DMA, small buffers, and cache incoherence
All modern systems, of course, employ one or more levels of cache in the processor to cut down on slow accesses to main memory. One challenge with in-processor caching has always been to avoid doing the wrong thing when something other than the processor changes memory. On SMP systems, for example, any processor can write anywhere in memory, and the other processors have to adjust immediately. For that reason, SMP systems have elaborate schemes for moving "ownership" of cached data between processors. This "cache line bouncing" is effective but expensive; modern operating system kernels try to minimize the need for such bouncing.
Another possible source of cache confusion is DMA I/O. Peripheral devices doing DMA can change memory directly and leave the processor cache in an incorrect state. Some processors (i.e. the x86) have a coherent cache which notices changes made by peripherals and automatically updates itself. Other processors have incoherent caches which can be fooled by DMA I/O operations.
The Linux DMA support code has been very carefully written to hide cache coherence issues from driver code. If you use the primitives provided and follow the rules regarding processor access to DMA buffers, you will not be bitten by cache problems. The DMA code takes care of invalidating cache contents as needed so that caches never contain incorrect copies of main memory.
That is the idea, anyway. Roland has found a situation where this protection does not quite work. Consider a driver which is using a structure like this:
struct iostruct { ... int ifield; char dma_buffer[SMALL_SIZE]; ... };
If this structure is allocated properly (with kmalloc, for example), then using the dma_buffer field in DMA operations is a legal thing to do. The problem is that other fields in the structure (such as ifield in the example above) may share a cache line with part of the buffer. Consider, then, a sequence of things that can happen:
- The driver starts a DMA read into dma_buffer. As part of
this operation, the kernel will invalidate the cache data containing
both dma_buffer and ifield.
- While the operation is outstanding, the driver accesses the
ifield member, bringing the invalidated cache line back into
memory.
- The I/O operation completes, changing memory underneath the cached data.
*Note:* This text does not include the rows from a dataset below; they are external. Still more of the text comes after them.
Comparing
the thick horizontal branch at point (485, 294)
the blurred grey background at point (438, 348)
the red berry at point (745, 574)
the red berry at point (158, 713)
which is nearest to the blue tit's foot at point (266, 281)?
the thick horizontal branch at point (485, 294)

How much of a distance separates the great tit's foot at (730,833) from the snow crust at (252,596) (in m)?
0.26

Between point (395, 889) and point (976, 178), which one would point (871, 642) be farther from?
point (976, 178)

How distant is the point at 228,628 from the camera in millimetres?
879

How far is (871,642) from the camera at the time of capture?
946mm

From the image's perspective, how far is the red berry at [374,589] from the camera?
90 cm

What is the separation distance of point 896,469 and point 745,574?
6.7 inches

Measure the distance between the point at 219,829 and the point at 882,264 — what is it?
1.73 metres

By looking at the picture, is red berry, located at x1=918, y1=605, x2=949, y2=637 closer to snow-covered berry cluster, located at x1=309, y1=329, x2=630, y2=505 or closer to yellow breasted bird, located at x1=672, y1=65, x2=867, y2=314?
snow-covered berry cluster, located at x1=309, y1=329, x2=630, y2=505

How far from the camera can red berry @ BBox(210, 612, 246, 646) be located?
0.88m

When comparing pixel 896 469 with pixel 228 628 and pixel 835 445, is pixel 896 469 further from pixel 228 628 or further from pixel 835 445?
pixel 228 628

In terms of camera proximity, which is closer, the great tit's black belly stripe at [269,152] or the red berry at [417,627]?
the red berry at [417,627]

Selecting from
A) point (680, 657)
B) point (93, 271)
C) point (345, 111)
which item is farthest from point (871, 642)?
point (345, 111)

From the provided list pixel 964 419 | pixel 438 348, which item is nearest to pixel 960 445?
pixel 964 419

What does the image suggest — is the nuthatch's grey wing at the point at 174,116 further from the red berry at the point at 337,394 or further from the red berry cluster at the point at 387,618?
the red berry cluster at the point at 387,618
At this point, the data in the processor cache does not match what is in memory. If the driver accesses the data in dma_buffer, it may well find old data that was in memory before the I/O operation took place. If the driver changes ifield, the processor could write back the (incorrect) cache data, corrupting the data in main memory. If the kernel simply invalidates the cache again at the end of the operation, it could lose changes made to ifield. There really is no correct thing to do at this point.
The only way to deal with this problem is to not let it happen in the first place. A number of possibilities are being considered. One way, suggested by Roland, is to create a __dma_buffer attribute which can be used in the declaration of small buffers; on non-cache-coherent systems, this attribute would force the size and alignment of the buffer such that it would not share cache lines with any other data. Another approach is to require that all DMA buffers be allocated separately; the kernel memory allocation primitives already ensure that even the smallest buffers are properly aligned and padded. Yet another approach could be to simply disable caching for the page(s) in question while the operation is in progress; most architectures support this in their page tables. This approach could create performance problems, however (if the page in question has heavily-used data), and it could be complex.
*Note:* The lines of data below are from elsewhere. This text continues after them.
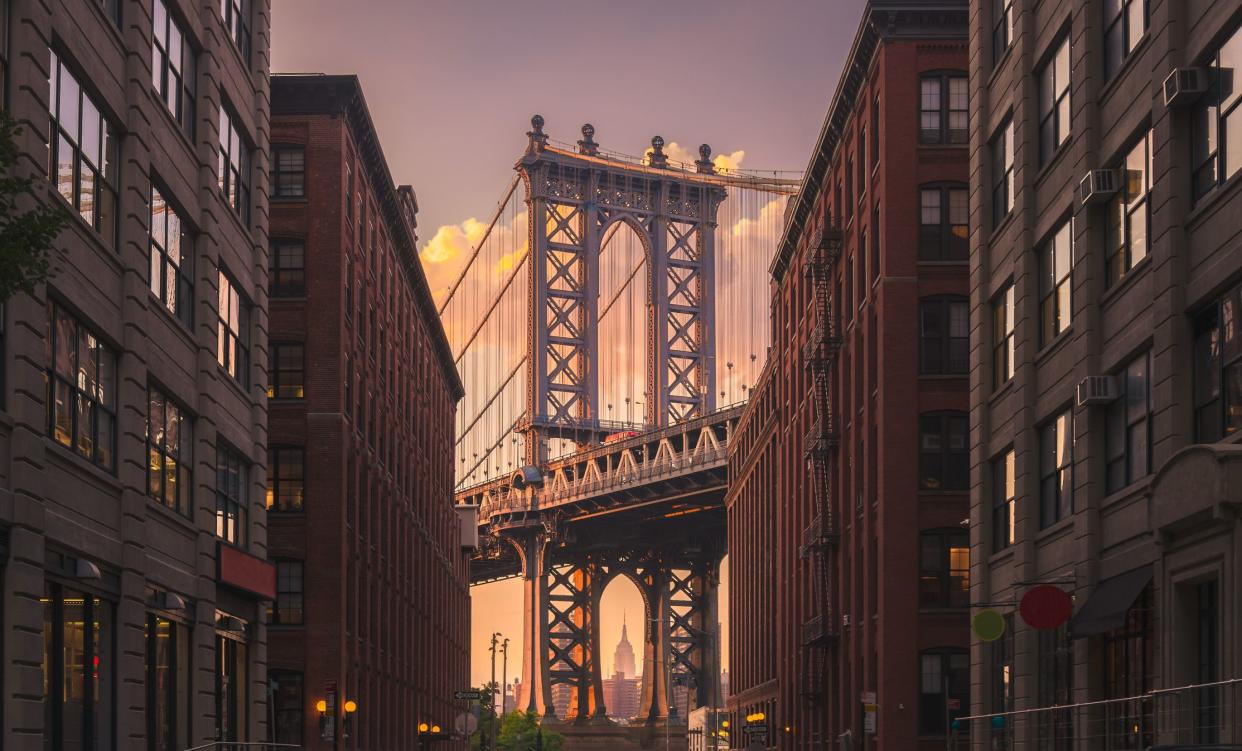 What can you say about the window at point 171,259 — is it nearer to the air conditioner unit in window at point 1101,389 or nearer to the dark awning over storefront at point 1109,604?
the air conditioner unit in window at point 1101,389

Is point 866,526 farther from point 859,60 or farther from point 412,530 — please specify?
point 412,530

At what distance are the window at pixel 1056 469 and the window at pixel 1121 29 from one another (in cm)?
613

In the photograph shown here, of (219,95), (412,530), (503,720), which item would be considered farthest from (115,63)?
(503,720)

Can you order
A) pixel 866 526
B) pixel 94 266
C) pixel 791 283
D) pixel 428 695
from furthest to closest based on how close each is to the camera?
pixel 428 695, pixel 791 283, pixel 866 526, pixel 94 266

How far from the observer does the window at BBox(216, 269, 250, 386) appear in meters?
38.6

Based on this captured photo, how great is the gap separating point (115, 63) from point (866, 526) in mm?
33822

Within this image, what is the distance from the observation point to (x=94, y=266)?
27.8m

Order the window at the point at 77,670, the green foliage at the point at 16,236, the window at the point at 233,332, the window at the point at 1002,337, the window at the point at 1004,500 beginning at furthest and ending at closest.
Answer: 1. the window at the point at 233,332
2. the window at the point at 1002,337
3. the window at the point at 1004,500
4. the window at the point at 77,670
5. the green foliage at the point at 16,236

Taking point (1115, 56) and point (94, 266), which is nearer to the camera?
point (94, 266)

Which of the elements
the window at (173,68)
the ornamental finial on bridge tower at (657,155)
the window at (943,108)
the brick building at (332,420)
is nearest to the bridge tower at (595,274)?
the ornamental finial on bridge tower at (657,155)

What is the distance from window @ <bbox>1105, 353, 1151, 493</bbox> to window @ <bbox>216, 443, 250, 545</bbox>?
1799 cm

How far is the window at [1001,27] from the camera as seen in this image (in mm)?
37406

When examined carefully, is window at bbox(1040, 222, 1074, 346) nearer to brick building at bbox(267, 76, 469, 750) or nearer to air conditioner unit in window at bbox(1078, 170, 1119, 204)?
air conditioner unit in window at bbox(1078, 170, 1119, 204)

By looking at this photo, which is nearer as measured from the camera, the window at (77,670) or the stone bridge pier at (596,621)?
the window at (77,670) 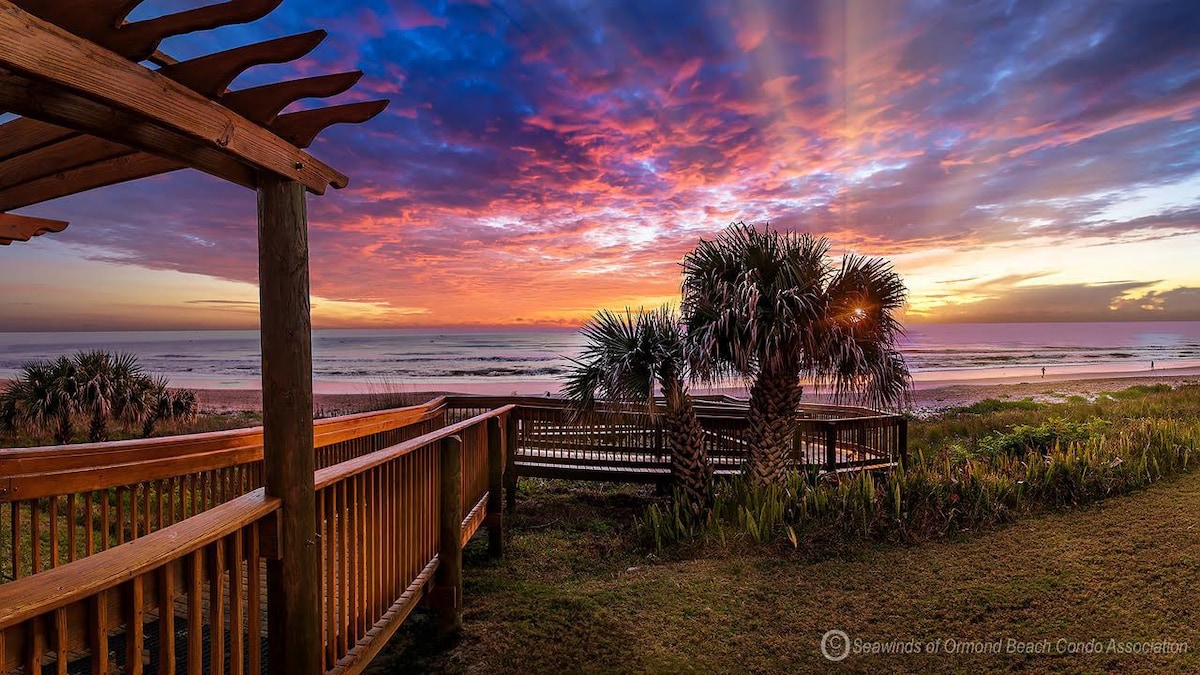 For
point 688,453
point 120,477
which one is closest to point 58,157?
point 120,477

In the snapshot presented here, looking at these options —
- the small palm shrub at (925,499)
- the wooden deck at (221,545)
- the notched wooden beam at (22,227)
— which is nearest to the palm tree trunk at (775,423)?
the small palm shrub at (925,499)

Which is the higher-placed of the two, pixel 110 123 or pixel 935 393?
pixel 110 123

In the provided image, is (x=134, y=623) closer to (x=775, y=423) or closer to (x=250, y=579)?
(x=250, y=579)

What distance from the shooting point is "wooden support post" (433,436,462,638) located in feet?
13.6

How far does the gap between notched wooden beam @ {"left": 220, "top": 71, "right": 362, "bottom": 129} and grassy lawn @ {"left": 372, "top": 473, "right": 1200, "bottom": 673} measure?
3581mm

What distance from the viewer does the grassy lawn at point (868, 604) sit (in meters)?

David Miller, who wrote much of the current DMA code, has a different approach. He thinks that this
kind of subtle cache issue is a trap for driver writers that should be
simply avoided altogether. Rather than come up with new ways of working
around incoherent caches, it's better to just change the rules and tell
driver writers to allocate their small DMA buffers using the "PCI pool"
interface. This interface, which was added in 2.4.4, was designed for just
this purpose: allocating small buffers for DMA. Rather than make driver
writers deal with this sort of cache coherence issue - and watch some of
them get it wrong, David would bury it in the PCI pool code. While no real
resolution has been proclaimed, this last option appears to be the likely
outcome.